Sit on the leg press machine with your feet placed high up on the platform and your back flat against the back rest. Set your feet flat, about shoulder-width apart and pointing forwards. Push up the platform all the way up and release the safety mechanism. This is your starting position.
Take a deep breath as you lower the weight slowly as far as you can while keeping your lower back flat. You’ll find that there comes a point where if you lower your legs any further, you cannot help but round your lower back. You should stop just before that and it will be your full range of motion. Admittedly, it’s a very narrow range of motion.

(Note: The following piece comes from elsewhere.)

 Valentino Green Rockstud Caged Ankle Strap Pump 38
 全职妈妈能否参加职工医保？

Your knees will form an angle of about 90 degrees.
At the bottom of the exercise, transition smoothly into the concentric phase and push hard through your heels while expelling forcefully your breath. Don’t lock out at the top, meaning keep your knees slightly bent so the weight rests on your muscles and not on your bones.

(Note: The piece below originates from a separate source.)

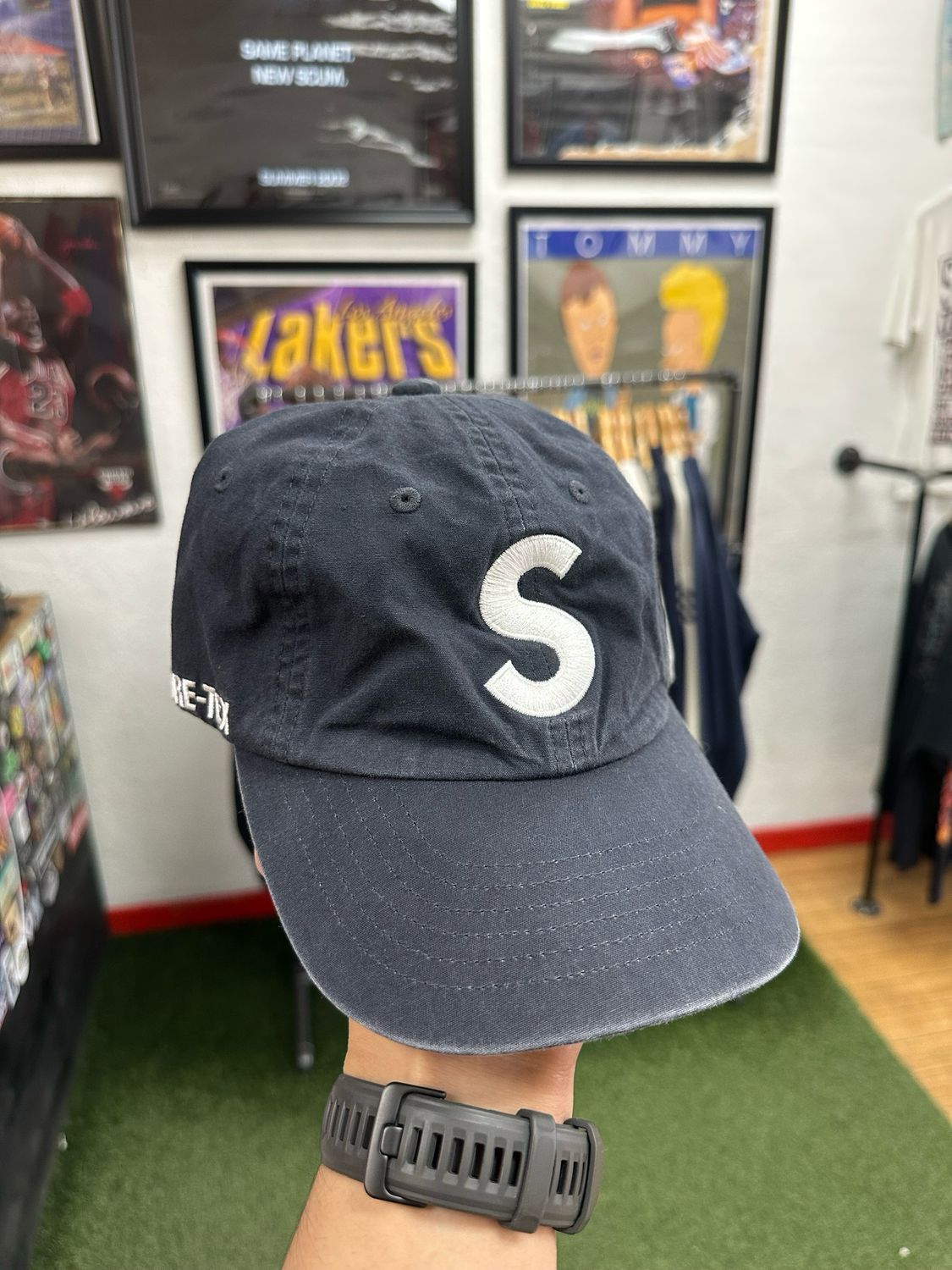 Supreme GORE-Tex S Logo 6 Panel Hat Black (Faded)(Worn)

You’ll find you can do the usual variations of leg exercises with the leg press: vary your feet stance from wide to narrow. Change the orientation of your feet from slightly outwards to slightly inwards.
You can also work one leg at a time.
Best of all, you can use your hands to push your knees and help you push the weight up. Don’t be lazy and use your hands all the time. Rather, use this little cheat to squeeze out 2 or 3 more reps at the end when you’re too exhausted to push the full weight but could manage to push a bit less. You can’t do that with the squats.

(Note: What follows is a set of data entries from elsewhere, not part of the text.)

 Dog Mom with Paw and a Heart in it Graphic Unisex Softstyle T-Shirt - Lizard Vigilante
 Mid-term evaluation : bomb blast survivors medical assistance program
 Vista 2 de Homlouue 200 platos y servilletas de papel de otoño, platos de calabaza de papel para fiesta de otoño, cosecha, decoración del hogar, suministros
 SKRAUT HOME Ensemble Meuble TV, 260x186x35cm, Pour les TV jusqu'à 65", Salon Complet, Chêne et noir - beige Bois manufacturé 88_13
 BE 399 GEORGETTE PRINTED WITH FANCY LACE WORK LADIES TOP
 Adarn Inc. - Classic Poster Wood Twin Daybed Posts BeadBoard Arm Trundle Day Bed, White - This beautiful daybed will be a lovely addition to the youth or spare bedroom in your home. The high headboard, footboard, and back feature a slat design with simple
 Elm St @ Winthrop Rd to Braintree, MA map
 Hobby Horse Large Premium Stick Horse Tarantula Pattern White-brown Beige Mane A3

You want your feet high up on the platform for maximum range of motion and to recruit more of your hamstrings and glutes. So if you want to target the quads more, go lower on the platform at the expense of the range of motion.
Finding a real leg press machine
Does your gym have a proper leg press machine? Many gyms have a seated version with a platform opposite so you can push against it and move your body horizontally backwards. I don’t like these as they don’t feel like a real leg press exercise to me.
A proper leg press machine to me has a stationary seat and a platform which you move up and down. You stack up the weight with plates. More importantly, the seat is inclined at an angle so that you are pushing the weight inclined at roughly 45 degrees to the floor.
Ideally I would have preferred a leg press machine where you get underneath the platform and push the latter vertically up and down but these are now outdated. When you use a vertical leg press machine, all the blood flows to your head and with the intense effort of exerting the huge leg muscles, your blood pressure goes up rapidly and you could burst a blood vessel in your brain. Not what we want.
So modern leg press machines are now at an angle. That means the weight you are pushing is not the true weight you are stacking on the machine but more like 70% of it, depending on the angle. The steeper or closer to the vertical you are, the greater proportion of the weight you’ve stacked will be pushed.
Why the leg press and not the squat
I’m not telling you to avoid squats and do leg press instead. There just comes a time when you want to move away from the squat for various reasons. The main difference with the squat is that you are not balancing the load on your shoulders. This has 3 major implications:
- there is no danger of the weight falling down or being stuck under it;
- no core muscles working to keep your balance throughout the movement and to keep a rigid torso;
- the back is only minimally involved in the leg press.
As a result, with the leg press you can concentrate more on working your legs and just your legs to failure and beyond. You can go very heavy and feel safe. With the squats, you expend energy not just to push the weight up but to keep the bar balanced throughout and to keep your core muscles rigid.
As you are sitting down and the weight is at the end of your legs, your back does not get involved in the exercise as long as you keep it flat and don’t lower the platform excessively. For those who can’t do the squat because of a back problem, the leg press is an excellent substitute. It’s still a compound movement, unlike the leg extension.
Finally, if you think you are not lifting a lot of weight at the squat, you’ll find that you can pile on loads of weight at the leg press machine due to the angle of inclination. This can be a psychological boost.
- Keep your back flat and go for a good range of motion.
- Use your hands to help you cheat towards the end when you can’t push up the full weight.
- Pick the leg press instead of the squat as a compound leg movement if you don’t want your back involved, don’t want to balance a heavy load for safety reasons or want to target your quads even more and no other unrelated muscle groups. You can even work past muscle failure with the leg press.